● **HOW TO COMPLETE THIS TASK**:
Transcribe each line below verbatim; pictures excluded.

(SUPPLIED INFORMATION begins)

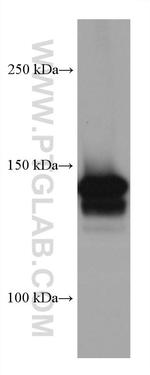 MYBBP1A Antibody in Western Blot (WB)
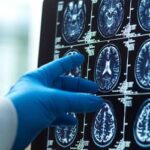 breakthrough-mri-scans-could-revolutionize-dementia-diagnosis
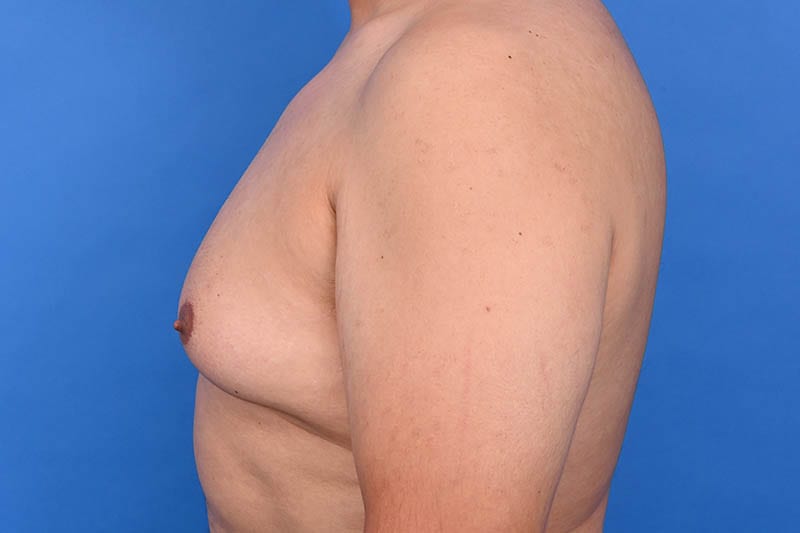 Gynecomastia Surgery Before & After Image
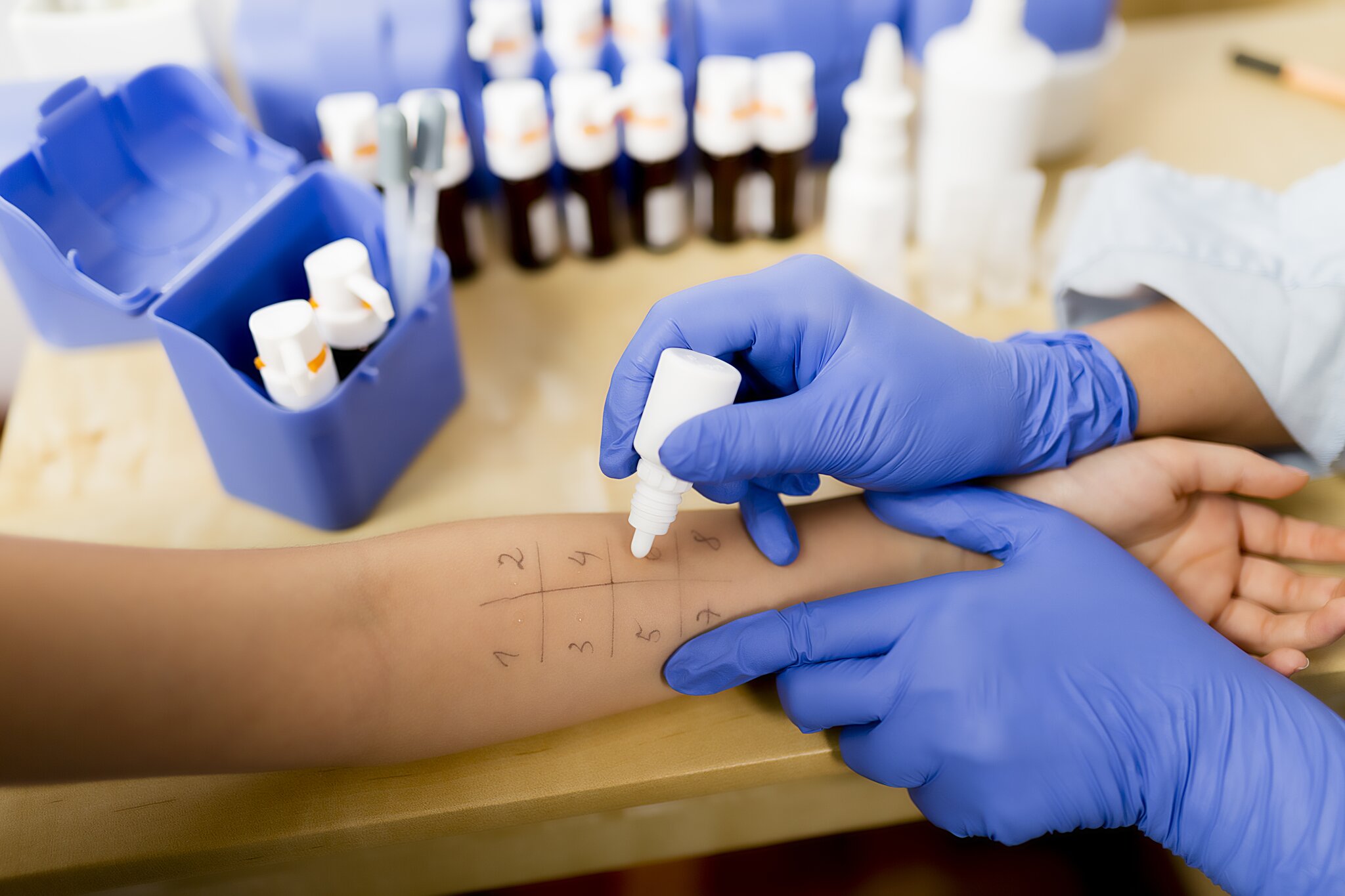 Neue-Plattform-f-r-Allergikerinnen-und-Allergiker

(SUPPLIED INFORMATION ends)

● **REPLY TO THE TASK**:
 MYBBP1A Antibody in Western Blot (WB)
 breakthrough-mri-scans-could-revolutionize-dementia-diagnosis
 Gynecomastia Surgery Before & After Image
 Neue-Plattform-f-r-Allergikerinnen-und-Allergiker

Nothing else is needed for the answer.